En estos días los colegas de la prensa rivalizan para encontrar palabras que designen el nuevo pontificado de Francisco. Cambio de rumbo, giro, incluso revolución. No hago ascos a las licencias literarias, son necesarias para narrar la historia. Pero siempre que ayuden a eso, a narrar la verdadera historia y no a reconstruirla según los esquemas interesados de cada cual. Algo de eso está sucediendo estos días.
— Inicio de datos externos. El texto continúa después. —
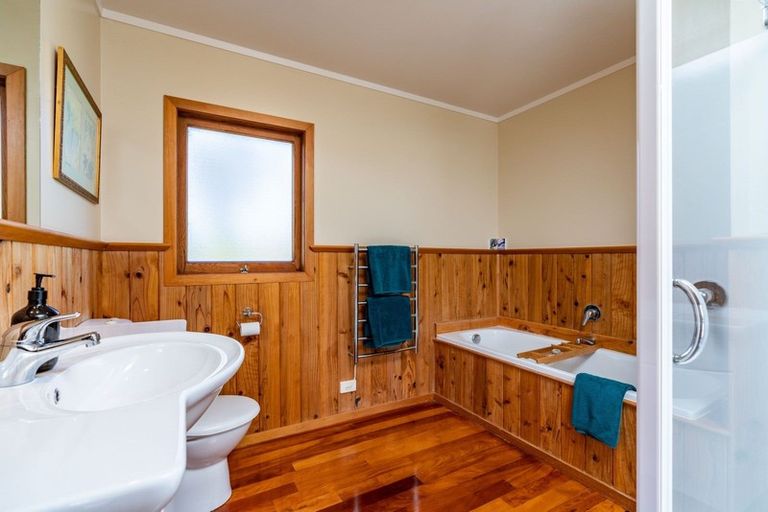 Photo of property in 158 Rangiora Road, Kaiwaka, 0573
¿Revolución? No es que sea una palabra exagerada, es sencillamente absurda en la vida de la Iglesia. Porque la Iglesia no la hacemos los hombres, viene de Dios. Y si no fuese así, ya se habría acabado hace tiempo. Pero como decía con sorna aquel cardenal al conocer los planes de Napoleón para destruirla: ´es imposible, ni siquiera nosotros lo hemos conseguido´. Nosotros no podemos hacer la Iglesia, sólo podemos responder a la iniciativa de Dios. Aún están vivas las palabras tonantes de Benedicto XVI al comienzo del último Sínodo de los obispos: ´Los Apóstoles no dijeron: ahora queremos crear una Iglesia, y con la forma de una asamblea constituyente habrían elaborado una constitución. No, ellos rezaron y en oración esperaron, porque sabían que sólo Dios mismo puede crear su Iglesia, de la que Dios es el primer agente: si Dios no actúa, nuestras cosas son sólo nuestras cosas y son insuficientes… Y como en aquel tiempo, sólo con la iniciativa de Dios podía nacer la Iglesia… así también hoy sólo Dios puede comenzar, nosotros podemos sólo cooperar, pero el inicio debe venir de Dios´.
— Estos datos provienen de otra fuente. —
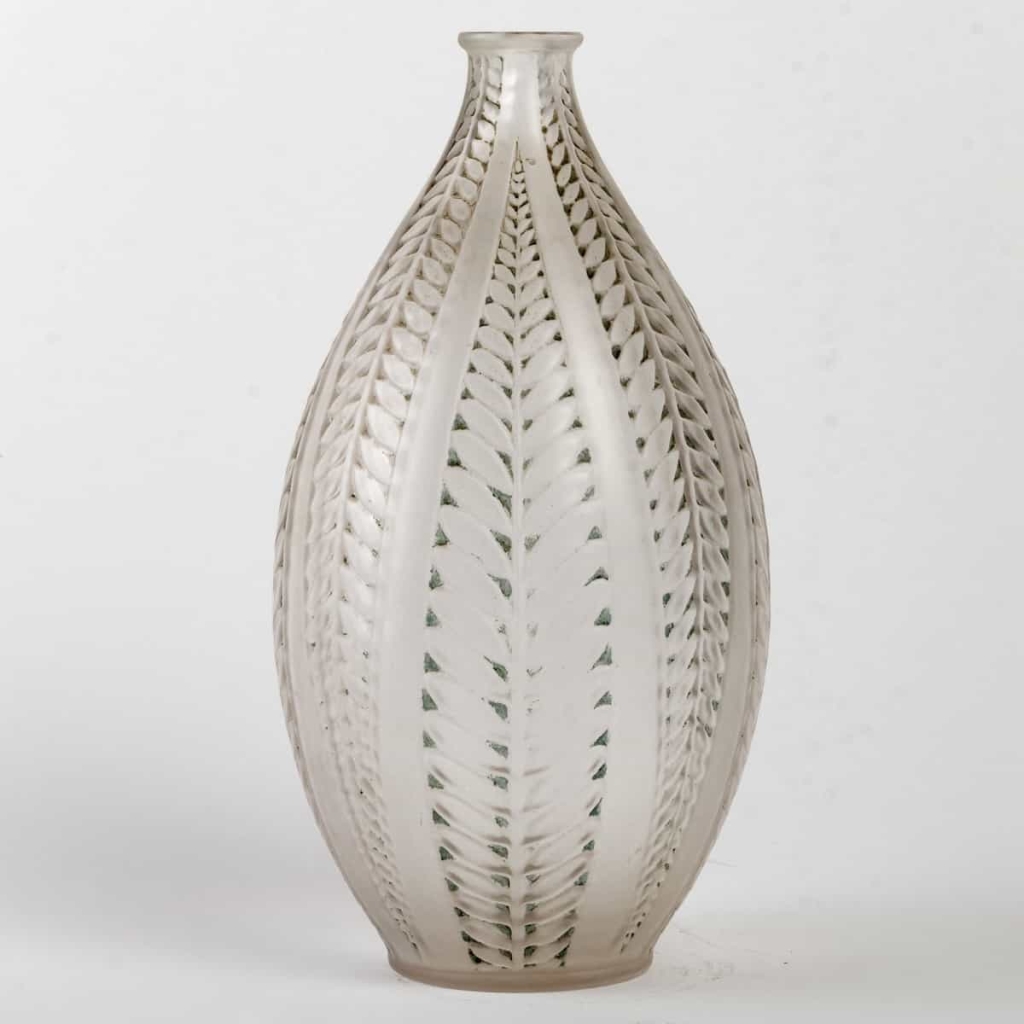 Vase « Acacia » verre blanc patiné vert de René LALIQUE | Biron Vase "Acacia" verre blanc patiné vert de René LALIQUE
Por eso es tan significativo que el papa Francisco haya querido, en su primera aparición ante el pueblo, que ese encuentro estuviera marcado por la oración. Lo primero es saber qué nos pide el Señor, confiarnos a su empuje, seguir su senda. Porque aquí las grandes cabeceras mediáticas ya tienen listo su programa de reformas para que la Iglesia se ponga a tono, se modernice, que dirían otros. Pero Francisco ha dicho que si no confesamos a Cristo terminamos confesando al demonio. No sé si esto les parecerá muy ´moderno´.
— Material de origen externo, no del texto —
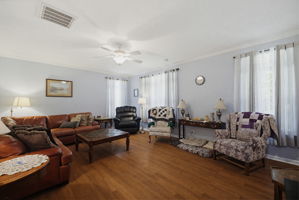 272 Victoria Cir-8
Hablar de revolución (¡a las barricadas!) puede resultar muy sugestivo para las portadas de algunos rotativos. Imaginar que Francisco lo pondrá todo patas arriba debe excitar muchísimo la imaginación de algunos… pero de momento él ha dicho: caminar, edificar y confesar. Caminar a la luz del Señor, porque sólo esta luz puede hacer irreprochable nuestra pobre vida; edificar sobre el cimiento de la cruz, sobre la sangre derramada por el Señor, porque sin cruz convertimos a la Iglesia en una ONG piadosa, justo lo que pretenden El País y el New York Times; y confesar, ya lo hemos dicho, el nombre de Jesús, porque si nos dedicamos a otras cosas terminamos confesando el espíritu del mundo, que en la Sagrada Escritura lleva un nombre nada grato a los bienpensantes que dicen estar de fiesta.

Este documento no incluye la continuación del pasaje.